■ Your instructions
From the data, return each line holding the word "Sneakers".

■ Given entries
++++++++++
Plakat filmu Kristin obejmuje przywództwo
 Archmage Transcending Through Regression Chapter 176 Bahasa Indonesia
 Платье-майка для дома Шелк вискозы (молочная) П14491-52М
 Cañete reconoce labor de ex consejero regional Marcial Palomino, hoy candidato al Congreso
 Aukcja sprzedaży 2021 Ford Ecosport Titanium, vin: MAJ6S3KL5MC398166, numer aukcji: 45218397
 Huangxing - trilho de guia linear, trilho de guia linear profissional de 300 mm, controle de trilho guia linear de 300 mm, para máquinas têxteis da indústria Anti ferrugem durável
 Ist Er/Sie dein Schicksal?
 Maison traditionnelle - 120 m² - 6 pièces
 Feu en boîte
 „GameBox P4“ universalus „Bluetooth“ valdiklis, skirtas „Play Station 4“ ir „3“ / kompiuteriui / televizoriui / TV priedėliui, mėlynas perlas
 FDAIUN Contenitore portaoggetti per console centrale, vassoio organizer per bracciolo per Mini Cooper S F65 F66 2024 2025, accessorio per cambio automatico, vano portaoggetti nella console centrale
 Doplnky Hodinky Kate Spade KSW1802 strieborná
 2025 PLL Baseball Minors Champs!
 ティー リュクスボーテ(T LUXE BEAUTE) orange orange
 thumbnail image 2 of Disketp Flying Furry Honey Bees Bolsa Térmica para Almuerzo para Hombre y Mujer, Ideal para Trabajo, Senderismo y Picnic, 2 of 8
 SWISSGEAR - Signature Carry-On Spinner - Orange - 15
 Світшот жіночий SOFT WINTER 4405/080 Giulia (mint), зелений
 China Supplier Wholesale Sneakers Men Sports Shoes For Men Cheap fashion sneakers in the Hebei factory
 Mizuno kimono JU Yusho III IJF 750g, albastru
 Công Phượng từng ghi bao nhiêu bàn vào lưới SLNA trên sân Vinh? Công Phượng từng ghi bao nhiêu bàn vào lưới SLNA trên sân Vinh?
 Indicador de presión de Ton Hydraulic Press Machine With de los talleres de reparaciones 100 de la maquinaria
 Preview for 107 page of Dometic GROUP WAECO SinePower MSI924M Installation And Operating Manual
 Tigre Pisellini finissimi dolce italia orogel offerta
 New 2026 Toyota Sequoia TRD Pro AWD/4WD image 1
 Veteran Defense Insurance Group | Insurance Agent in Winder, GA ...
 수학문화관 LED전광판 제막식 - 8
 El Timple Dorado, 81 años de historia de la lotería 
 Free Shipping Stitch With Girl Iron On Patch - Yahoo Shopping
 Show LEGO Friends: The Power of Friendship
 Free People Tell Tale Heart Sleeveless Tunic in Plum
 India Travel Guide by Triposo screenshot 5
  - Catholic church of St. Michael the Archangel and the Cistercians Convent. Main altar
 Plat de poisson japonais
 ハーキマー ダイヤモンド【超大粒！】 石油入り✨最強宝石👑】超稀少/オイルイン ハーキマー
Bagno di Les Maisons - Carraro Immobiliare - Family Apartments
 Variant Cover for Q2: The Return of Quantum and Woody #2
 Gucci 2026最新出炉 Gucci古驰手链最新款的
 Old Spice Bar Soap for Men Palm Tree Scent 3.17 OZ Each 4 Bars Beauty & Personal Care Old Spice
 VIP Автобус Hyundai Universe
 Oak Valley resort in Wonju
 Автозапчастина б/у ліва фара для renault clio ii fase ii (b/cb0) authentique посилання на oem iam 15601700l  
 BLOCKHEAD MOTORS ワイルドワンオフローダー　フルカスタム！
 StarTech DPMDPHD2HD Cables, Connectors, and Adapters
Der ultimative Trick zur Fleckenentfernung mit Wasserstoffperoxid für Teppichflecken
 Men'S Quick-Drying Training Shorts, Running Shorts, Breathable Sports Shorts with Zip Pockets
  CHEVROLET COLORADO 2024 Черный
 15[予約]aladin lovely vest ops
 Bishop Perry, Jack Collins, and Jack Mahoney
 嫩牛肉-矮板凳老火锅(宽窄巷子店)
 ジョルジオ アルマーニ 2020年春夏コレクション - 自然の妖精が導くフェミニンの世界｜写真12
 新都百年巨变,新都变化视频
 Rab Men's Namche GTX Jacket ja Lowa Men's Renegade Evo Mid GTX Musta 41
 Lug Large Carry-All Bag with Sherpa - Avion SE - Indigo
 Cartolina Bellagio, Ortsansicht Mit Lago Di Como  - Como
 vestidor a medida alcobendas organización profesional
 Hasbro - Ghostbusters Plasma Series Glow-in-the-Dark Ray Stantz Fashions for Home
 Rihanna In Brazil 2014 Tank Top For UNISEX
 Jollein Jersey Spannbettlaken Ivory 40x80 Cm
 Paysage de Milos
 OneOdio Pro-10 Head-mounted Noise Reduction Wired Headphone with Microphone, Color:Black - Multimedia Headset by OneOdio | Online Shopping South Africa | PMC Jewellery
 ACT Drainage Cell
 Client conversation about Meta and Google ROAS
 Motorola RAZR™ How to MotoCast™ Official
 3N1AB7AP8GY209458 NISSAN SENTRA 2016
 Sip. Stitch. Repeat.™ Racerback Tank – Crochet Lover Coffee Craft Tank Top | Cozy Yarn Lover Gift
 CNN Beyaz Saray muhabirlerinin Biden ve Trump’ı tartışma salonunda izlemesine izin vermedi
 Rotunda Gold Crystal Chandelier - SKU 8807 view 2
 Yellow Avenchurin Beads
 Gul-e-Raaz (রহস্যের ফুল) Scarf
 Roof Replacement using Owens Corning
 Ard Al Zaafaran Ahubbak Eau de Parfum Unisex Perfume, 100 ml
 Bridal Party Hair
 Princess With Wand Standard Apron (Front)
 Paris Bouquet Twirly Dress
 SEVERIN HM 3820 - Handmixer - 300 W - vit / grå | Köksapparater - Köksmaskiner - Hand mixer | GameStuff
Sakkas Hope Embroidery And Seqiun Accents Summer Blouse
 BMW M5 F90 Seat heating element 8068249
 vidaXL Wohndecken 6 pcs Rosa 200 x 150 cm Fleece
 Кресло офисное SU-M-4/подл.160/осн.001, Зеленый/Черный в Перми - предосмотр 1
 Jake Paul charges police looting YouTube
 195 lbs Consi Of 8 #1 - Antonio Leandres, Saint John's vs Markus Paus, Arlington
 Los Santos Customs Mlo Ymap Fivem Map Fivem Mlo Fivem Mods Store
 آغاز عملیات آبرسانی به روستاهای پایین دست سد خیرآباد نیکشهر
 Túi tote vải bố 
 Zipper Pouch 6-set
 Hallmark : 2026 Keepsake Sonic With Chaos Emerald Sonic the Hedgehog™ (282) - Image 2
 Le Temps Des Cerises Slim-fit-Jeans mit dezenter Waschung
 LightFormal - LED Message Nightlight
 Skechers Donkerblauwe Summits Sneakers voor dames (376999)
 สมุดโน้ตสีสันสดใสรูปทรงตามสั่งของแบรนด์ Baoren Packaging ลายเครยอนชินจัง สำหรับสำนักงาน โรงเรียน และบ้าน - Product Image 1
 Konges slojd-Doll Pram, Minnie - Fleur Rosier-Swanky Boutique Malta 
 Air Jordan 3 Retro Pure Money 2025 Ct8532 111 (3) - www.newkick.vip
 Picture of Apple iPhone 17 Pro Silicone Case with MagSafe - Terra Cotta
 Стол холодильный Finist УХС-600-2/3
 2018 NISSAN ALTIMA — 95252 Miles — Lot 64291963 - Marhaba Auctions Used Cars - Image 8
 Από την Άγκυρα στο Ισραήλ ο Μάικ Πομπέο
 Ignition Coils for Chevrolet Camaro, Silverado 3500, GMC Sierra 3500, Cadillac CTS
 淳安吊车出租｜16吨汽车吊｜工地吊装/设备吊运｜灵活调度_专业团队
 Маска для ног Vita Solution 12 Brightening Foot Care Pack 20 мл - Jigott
++++++++++
■ Exercise response
 China Supplier Wholesale Sneakers Men Sports Shoes For Men Cheap fashion sneakers in the Hebei factory
 Skechers Donkerblauwe Summits Sneakers voor dames (376999)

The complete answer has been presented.